New Orleans — Recent cold snaps have prompted the New Orleans Fire Department to remind residents how to make sure that they are safe when they are trying to keep warm.
A fire that destroyed an Uptown duplex Thursday morning was caused by an unattended space heater, fire investigators determined. The resident speculated at the time that she might have left the heater on when she left for work that morning, and according the fire department, there was a noticeable hole in the floor of the bedroom where the heater had burned through.
The blaze, in the 2500 block of Freret street, was fought by about 43 firefighters. No one was injured.
But the hazards posed by space heaters are not limited to fire, according to the fire department. Unvented space heaters can also cause oxygen depletion and the production of carbon monoxide when fuel is burned incompletely, the department warned.
Citing the arrival of colder weather, the fire department issued winter fire safety tips for space heaters, floor furnaces and fireplaces.
Space heaters should only be used in well-ventilated rooms, the fire department press release said, and they should be placed at a safe distance from curtains, furniture and other combustible items and never used to dry clothing and other items.
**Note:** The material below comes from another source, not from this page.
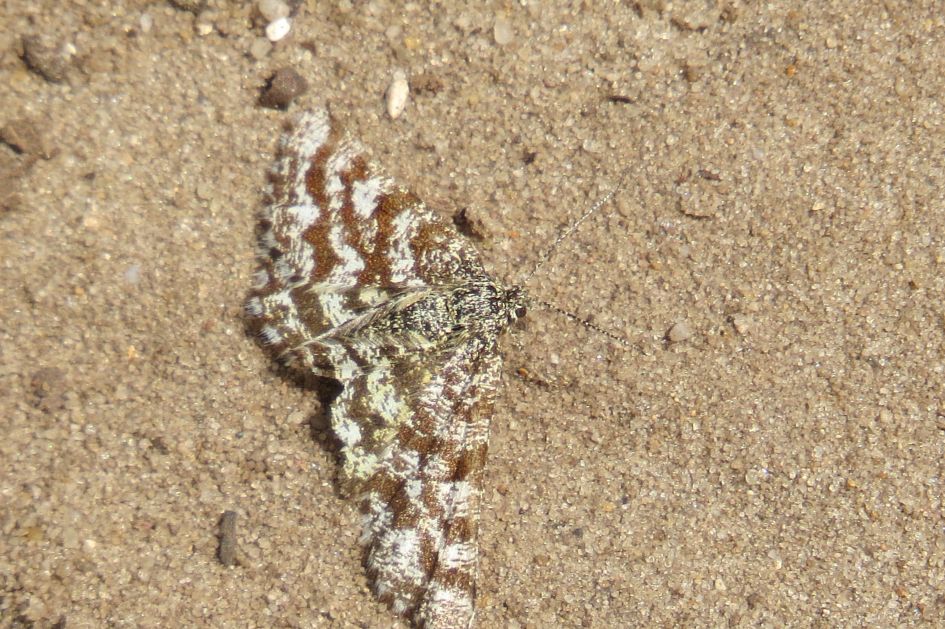 welke vlinder is dit?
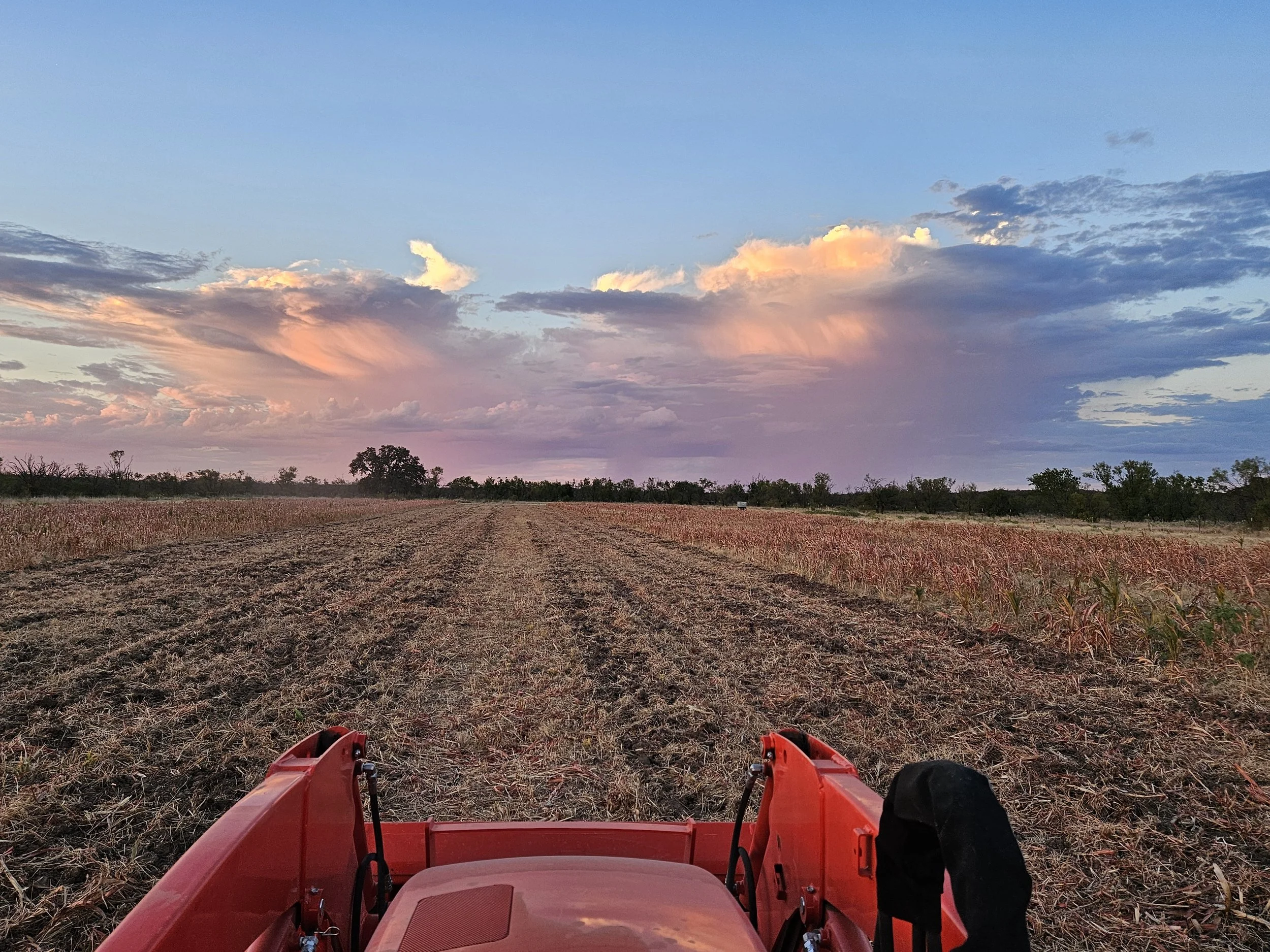 Tilling Milo Plot.jpg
They should be placed where they can’t be knocked over easily, and children should never be left alone with a space heater that is on.
Electric space heaters should be plugged directly into wall sockets and not extension cords, according to the fire department tip sheet, and people should check the cords to make sure they are not split or frayed.
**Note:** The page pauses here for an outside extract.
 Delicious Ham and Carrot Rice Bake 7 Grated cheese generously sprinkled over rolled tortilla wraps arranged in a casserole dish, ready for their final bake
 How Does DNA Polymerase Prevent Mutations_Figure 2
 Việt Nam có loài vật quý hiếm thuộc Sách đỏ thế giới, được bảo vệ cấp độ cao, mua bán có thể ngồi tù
Heaters should be unplugged when not in use, and nothing should be placed inside the grill on the front of the heater.
Residents also need to take precautions with floor furnaces, the release said. They should be cleaned and vacuumed prior to usage and clear of all coverings. They also should be checked for proper ventilation.
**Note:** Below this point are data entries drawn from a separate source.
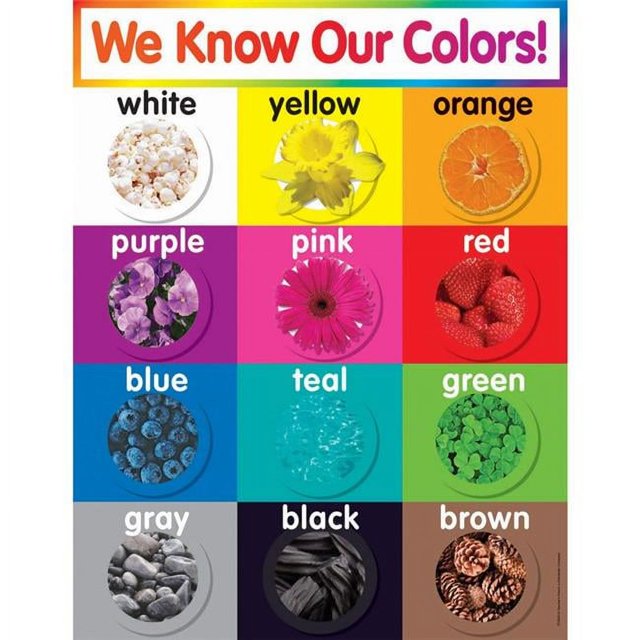 Scholastic Teaching Resources TF-2503BN 6 Each Colors Chart - Grade PK-5
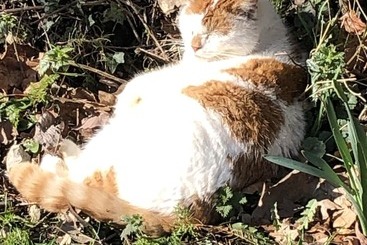 茅舍 The Peacock Shepherds Hut At Hafoty Boeth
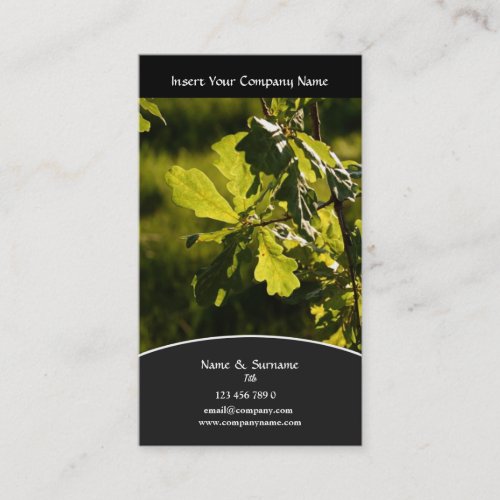 Business profile Winery vineyard grape Business Card Templates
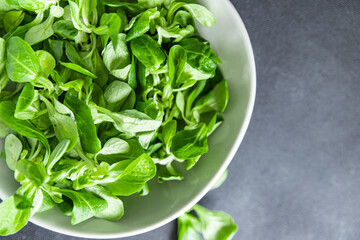mache salad green corn leaves mung bean lettuce fresh meal food snack diet on the table copy space food background 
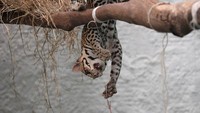Anak macan tutul itu terlihat mencoba berburu burung mati sebagai bagian dari proses rehabilitasi.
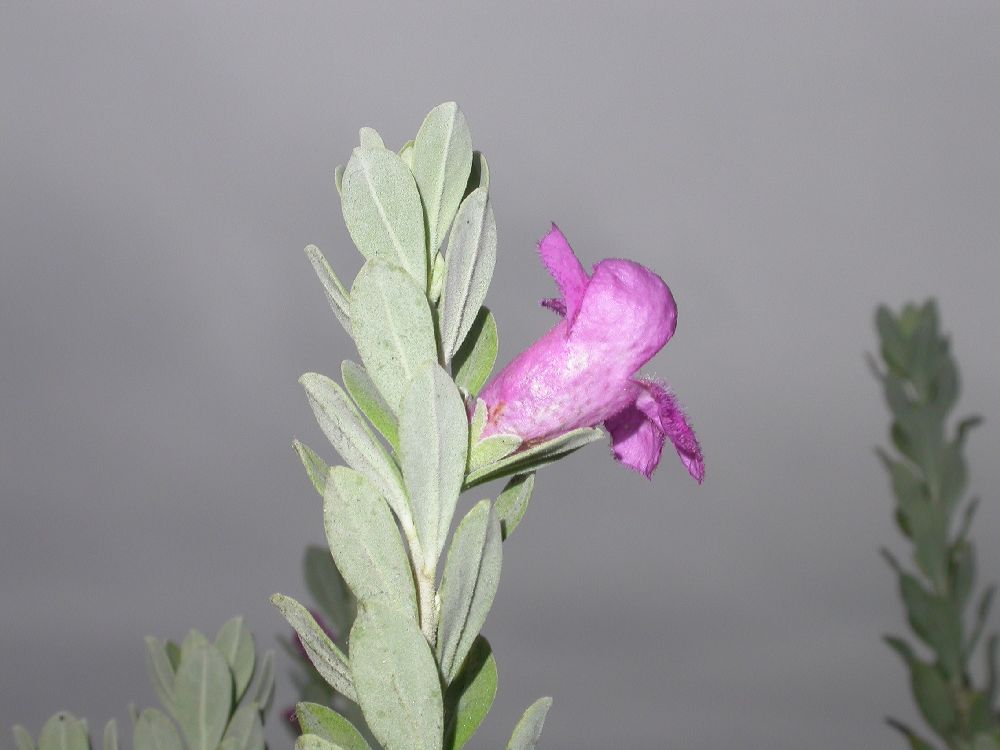 Scrophulariaceae Leucophyllum 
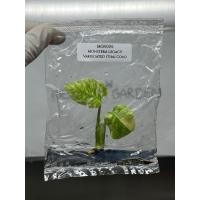 ราคา ไม้เนื้อเยื่อ: มอนสเตอร่าเลกาซี่กลายไทยคอน: (MON015.1) Monstera Legacy Var. (Thai Con.) Tissue Culture (1 plant/bag) (54260082375)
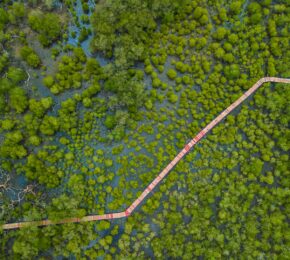 marshy walkway in Thailand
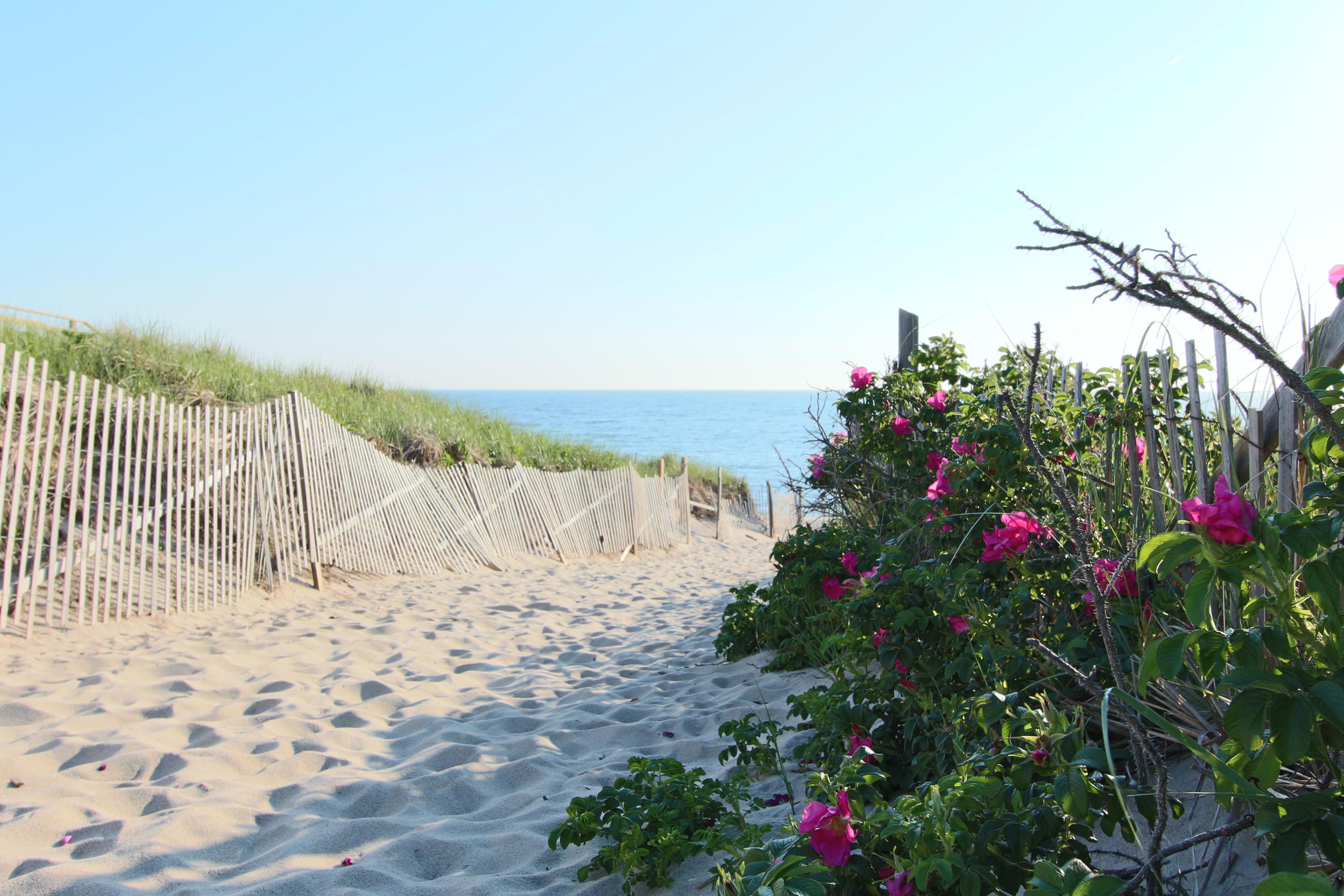 2 Katharine Road Truro, MA 02666 - Photo 44 of 60 a view of a yard with an umbrella and wooden fence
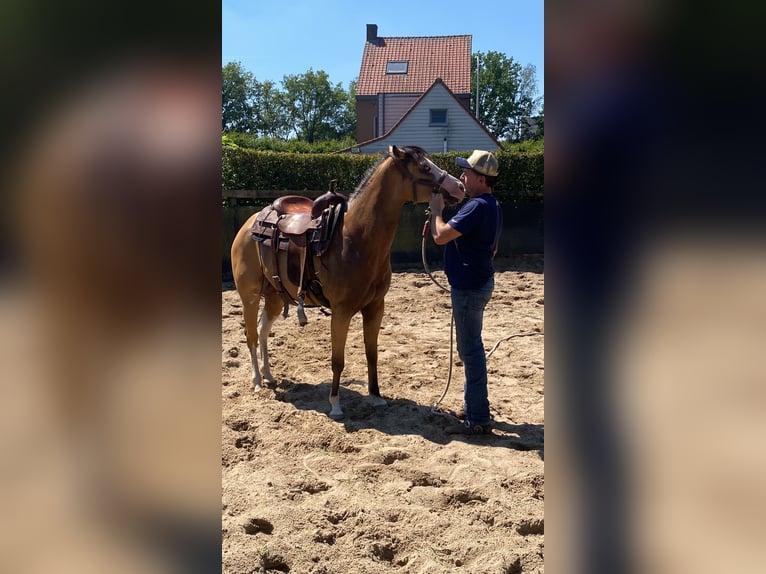 American Quarter Horse Mare 3 years 14,3 hh Buckskin in Lille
Gas heating sources should put out a clear blue flame. If the flame appears primarily orange or yellowish, it should be checked by a professional.
All gas heating sources need to be properly ventilated; the fire department recommends keeping a window slightly open to circulate fresh air and reduce carbon monoxide buildups in tightly sealed houses.
A stove or oven should never be used to heat a home as it can cause a buildup of deadly carbon monoxide gas.
The fire department also pointed out risks posed by seasonal decorations. Candles should be placed in a non-tip holder before they are lighted and should never be used near a Christmas tree or other decorations and displays that could burn.
Candles need to be kept away from curtains and should never be placed in windows or near exits.
Candles should never be left burning unattended or within the reach of small children.
Only seasoned wood should be used in wood stoves and fireplaces, and residents should make sure the chimney flue is open and that it is inspected by a professional.
A protective screen should be used in front of the fireplace, and ashes should be removed in a metal container.
The tip sheet warned against storing ashes, as they can re-ignite.